Pros of selling a rental property with tenants

Better security

Vacant properties are likely to be targeted by thieves ad vandals compared to the occupied ones. Therefore, if the property has tenants you won’t have to worry about vandalism or damages that might reduce the property value before you secure a buyer.

Ongoing cash flow

Even if you don’t find a buyer right away you will still be getting the monthly rents from the tenants. One disadvantage of selling vacant properties is the cash flow disruption before finding a buyer to sell your rental house to. Also, the tenants will be paying for utilities which would otherwise be your responsibility if the property was unoccupied.

Saves on time

Investment buyers love occupied rental properties because it saves them the hassle of having to find new tenants, screen them, as well as negotiate the lease terms. The buyer will also start enjoying rental income the moment he assumes ownership which is a big win.

Cons of selling a rental property with tenants

Long-term lease

A long-term lease is a big win if the buyer wants to continue renting out the property. However, if he wants to live in it or work from there once the deal is closed, then it will be a problem. He/she will have to wait until the lease is up or buy out the tenant which can be costly.

The state of the property

Not all tenants care about the condition of the property. Some of them even degrade the property further through their carelessness. The damages can be significant to the point of reducing the value of the property or even adding unwanted expenses.

Tenants’ schedule 

Showing property to prospective buyers with tenants occupying the property can be a problem.  Showings will have to be planned around the tenants’ schedules. The convenience of the tenants will matter.  If showings are limited too much it will affect the number of buyers who will get into see the property.  If you breach the lease terms and conditions you’re going to have legal problems when you sell your rental house. Also, you need their cooperation in planning when to show the property. On the contrary, a vacant property can be shown at any time.

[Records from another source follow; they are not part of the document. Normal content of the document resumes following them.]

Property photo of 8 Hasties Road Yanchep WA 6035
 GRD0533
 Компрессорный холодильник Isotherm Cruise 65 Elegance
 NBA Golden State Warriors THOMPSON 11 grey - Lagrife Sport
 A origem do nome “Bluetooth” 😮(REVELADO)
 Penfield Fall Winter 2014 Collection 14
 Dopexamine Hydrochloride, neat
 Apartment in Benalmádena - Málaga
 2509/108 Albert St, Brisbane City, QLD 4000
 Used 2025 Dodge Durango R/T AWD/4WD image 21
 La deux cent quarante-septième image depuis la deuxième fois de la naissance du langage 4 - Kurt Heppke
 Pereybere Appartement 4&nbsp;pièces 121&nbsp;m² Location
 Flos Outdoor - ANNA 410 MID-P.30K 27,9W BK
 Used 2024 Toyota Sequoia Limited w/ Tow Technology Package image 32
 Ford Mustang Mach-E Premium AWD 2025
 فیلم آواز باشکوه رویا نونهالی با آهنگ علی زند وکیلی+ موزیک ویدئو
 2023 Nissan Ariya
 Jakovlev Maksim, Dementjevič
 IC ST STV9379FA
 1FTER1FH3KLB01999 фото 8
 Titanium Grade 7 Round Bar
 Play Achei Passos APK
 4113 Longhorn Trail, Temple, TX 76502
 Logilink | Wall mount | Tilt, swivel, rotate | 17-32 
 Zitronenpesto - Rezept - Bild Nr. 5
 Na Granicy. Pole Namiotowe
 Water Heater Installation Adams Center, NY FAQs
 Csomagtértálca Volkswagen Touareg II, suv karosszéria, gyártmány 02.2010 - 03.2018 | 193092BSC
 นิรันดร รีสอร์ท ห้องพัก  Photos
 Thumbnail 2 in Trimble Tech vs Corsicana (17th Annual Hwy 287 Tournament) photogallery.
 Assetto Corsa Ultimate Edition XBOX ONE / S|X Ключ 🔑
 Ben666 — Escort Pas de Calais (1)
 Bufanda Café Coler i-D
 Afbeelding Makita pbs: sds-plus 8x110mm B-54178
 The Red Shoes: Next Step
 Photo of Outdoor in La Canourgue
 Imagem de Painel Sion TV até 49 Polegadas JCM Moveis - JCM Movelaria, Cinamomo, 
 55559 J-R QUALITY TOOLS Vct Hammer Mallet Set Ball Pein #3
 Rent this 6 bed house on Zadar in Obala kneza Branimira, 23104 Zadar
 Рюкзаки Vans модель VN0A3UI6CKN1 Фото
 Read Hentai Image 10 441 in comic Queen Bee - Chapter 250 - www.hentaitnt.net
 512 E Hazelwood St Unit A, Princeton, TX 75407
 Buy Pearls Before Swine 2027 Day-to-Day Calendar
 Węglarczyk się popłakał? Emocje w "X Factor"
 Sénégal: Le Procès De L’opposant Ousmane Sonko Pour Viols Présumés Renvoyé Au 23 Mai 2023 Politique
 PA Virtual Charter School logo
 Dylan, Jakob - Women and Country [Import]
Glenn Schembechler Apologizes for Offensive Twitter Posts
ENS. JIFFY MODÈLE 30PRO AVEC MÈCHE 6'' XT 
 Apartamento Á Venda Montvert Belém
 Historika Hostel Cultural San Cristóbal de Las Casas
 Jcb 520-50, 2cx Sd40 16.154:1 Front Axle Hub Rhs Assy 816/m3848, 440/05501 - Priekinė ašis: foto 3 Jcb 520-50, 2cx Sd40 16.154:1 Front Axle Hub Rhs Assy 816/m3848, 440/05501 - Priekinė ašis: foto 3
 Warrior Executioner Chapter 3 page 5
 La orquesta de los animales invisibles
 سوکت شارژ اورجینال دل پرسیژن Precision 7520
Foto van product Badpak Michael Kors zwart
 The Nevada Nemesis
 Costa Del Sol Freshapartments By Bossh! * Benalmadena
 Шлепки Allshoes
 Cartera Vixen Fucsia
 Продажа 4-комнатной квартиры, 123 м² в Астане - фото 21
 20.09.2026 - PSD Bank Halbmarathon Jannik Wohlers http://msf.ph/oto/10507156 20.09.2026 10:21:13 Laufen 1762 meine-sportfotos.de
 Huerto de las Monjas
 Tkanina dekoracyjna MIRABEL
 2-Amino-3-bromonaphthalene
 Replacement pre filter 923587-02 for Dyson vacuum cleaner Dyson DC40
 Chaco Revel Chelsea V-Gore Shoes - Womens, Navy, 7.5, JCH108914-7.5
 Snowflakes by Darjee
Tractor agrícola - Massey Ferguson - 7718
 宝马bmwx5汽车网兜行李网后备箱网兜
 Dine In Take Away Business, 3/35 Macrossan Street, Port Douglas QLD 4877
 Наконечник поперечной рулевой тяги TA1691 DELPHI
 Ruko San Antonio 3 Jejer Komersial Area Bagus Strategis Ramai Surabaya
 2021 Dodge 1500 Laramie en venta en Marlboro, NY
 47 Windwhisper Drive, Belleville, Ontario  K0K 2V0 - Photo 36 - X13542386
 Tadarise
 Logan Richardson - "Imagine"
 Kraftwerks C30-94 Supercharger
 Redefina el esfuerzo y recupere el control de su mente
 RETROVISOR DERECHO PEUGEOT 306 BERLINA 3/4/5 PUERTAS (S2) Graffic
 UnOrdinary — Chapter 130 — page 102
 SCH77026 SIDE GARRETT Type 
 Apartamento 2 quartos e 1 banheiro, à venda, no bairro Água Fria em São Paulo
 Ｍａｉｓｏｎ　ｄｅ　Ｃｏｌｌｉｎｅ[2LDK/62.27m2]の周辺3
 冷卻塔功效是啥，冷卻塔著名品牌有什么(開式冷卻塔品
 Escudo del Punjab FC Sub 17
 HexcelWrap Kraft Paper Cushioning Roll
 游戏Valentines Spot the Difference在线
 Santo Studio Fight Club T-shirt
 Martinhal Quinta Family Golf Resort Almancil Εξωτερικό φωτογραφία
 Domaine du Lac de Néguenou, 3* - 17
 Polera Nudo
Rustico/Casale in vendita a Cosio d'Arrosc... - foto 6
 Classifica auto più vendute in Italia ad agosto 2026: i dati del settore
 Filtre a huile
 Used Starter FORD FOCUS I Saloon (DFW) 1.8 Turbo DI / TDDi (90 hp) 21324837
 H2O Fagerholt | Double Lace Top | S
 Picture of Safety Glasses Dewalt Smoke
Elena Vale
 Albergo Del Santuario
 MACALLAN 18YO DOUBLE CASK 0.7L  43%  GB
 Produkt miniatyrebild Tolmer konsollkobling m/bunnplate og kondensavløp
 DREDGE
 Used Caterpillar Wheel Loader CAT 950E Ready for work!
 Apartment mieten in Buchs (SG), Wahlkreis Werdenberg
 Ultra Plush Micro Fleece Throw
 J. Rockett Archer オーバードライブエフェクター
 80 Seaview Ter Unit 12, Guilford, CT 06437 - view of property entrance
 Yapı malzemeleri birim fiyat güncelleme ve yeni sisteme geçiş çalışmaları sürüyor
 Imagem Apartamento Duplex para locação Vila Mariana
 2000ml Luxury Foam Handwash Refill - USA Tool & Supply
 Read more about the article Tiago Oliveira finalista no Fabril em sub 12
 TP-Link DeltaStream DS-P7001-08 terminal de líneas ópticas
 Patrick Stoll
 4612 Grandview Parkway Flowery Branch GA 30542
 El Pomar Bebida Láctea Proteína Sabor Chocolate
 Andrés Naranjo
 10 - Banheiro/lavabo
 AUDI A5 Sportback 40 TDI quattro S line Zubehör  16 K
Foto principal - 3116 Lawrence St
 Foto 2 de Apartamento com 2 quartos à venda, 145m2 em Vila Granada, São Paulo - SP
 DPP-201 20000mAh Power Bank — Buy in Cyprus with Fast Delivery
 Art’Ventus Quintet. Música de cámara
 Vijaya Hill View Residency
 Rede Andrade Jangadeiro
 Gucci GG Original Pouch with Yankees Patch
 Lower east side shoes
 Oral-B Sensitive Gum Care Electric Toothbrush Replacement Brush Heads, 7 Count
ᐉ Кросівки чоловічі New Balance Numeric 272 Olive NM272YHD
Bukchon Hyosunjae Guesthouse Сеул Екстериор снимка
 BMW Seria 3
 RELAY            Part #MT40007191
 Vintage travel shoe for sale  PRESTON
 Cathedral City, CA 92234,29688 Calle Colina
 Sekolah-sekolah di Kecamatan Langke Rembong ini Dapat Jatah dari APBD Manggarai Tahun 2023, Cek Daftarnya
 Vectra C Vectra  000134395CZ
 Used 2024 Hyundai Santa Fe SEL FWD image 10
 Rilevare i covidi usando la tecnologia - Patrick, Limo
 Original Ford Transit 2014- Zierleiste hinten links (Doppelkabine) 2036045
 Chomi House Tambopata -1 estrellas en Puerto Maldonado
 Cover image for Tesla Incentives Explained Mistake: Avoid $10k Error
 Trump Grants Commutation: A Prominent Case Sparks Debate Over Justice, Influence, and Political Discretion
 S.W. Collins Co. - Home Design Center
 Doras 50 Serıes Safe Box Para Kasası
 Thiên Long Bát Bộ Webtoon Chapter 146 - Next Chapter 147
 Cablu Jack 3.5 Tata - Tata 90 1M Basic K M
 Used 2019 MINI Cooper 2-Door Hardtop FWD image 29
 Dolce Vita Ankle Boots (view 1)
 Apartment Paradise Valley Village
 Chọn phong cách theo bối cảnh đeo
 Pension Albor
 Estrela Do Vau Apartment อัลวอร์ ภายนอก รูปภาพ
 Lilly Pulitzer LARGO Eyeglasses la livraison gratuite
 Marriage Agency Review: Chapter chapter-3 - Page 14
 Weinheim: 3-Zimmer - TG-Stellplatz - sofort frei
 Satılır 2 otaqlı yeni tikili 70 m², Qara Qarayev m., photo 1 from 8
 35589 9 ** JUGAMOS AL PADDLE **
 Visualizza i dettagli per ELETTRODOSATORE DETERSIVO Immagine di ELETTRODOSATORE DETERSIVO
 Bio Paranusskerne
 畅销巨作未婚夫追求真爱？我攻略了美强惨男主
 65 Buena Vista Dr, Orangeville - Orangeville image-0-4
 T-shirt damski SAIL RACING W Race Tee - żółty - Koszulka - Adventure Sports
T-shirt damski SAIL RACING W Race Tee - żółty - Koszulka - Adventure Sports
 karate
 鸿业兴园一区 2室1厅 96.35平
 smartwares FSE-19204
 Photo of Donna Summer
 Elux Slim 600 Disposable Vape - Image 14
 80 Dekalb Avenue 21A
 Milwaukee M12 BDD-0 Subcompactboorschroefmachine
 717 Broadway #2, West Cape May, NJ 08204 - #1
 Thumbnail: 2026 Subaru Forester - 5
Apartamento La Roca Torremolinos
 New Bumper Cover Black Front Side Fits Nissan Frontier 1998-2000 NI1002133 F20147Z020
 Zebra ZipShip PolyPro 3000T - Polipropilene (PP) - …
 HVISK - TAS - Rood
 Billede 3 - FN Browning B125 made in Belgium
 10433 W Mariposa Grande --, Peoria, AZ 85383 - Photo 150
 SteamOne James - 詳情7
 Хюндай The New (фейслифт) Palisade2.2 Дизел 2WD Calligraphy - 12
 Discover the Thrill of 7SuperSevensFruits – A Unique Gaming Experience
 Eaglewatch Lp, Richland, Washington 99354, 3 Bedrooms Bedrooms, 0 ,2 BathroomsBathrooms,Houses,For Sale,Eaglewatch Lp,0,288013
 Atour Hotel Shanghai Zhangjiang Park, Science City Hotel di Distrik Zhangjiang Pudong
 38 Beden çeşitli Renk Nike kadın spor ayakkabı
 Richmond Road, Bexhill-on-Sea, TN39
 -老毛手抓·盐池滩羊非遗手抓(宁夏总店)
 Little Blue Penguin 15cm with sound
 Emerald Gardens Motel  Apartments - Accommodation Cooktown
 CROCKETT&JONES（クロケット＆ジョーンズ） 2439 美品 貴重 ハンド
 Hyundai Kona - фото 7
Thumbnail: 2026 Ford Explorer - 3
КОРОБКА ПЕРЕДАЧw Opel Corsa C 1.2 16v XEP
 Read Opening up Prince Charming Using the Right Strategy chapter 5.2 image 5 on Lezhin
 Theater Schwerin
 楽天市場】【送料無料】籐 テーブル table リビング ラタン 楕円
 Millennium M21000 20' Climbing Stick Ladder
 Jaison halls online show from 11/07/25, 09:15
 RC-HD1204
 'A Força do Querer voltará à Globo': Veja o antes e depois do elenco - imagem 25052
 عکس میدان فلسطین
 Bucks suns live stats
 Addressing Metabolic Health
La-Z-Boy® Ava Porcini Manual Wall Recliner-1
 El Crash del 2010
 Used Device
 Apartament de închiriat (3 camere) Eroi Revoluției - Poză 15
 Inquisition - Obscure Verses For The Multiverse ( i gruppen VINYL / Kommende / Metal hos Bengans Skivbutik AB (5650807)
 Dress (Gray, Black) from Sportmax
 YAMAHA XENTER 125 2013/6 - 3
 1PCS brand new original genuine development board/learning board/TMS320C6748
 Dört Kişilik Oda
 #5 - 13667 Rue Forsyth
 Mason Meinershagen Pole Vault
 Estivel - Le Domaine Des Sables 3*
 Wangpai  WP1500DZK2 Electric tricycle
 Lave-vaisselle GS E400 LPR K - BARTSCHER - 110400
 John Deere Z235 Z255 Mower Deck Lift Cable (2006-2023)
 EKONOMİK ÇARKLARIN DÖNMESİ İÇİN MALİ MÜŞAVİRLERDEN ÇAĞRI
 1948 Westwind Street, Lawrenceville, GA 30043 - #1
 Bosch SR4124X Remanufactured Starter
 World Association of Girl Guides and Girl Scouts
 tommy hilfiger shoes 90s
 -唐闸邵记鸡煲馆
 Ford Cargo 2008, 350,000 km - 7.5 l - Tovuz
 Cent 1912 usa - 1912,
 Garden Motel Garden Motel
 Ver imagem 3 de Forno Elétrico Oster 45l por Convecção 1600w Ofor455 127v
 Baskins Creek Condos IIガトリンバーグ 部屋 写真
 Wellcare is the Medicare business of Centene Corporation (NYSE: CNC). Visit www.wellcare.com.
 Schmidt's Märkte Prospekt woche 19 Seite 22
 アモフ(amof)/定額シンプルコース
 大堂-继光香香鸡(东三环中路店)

When should I sell my rental property?  When you have a better source of passive income

Rental properties are a great source of passive income but they are not the only option. A real estate investment trust, stock market, and even bonds may be a better source for your particular situation.  If you find a better passive income opportunity you may consider selling your rental house.

A major life event

A major event in your life like expanding family, a financial emergency, or even health issues may force you to take drastic actions. You may need to sell your rental property to get liquid cash fast. Getting a loan against the property is also an option.  Depending on the real estate market where you are located, you may get the cash faster with a home equity line of credit

You can no longer manage the property well

A new job or relocation can leave you with less time to handle the maintenance of the property and other responsibilities of being a landlord. If the money you are getting from the rental property isn’t worth the hassle then you might consider selling your rental house.

Having a local property manager may be the right choice for you.  A property manager will take care of collecting rent and middle of the night calls for broken appliances.  They can inspect the property on a regular basis.  That way you don’t have to make the effort to travel and expend the funds to view it yourself.

It can be unnerving to go through the process of selling your rental house with tenants but it is doable. If you find a cash buyer or even a local investor then that will be simpler and quicker. A real estate agent has many, many connections and may be able to help you find the right buyer more quickly than you could by yourself. It is advisable to maintain a good relationship with the tenants in the process. Their cooperation will make things less difficult for you.  Just have a Plan B in case they decide at some point not to be cooperative.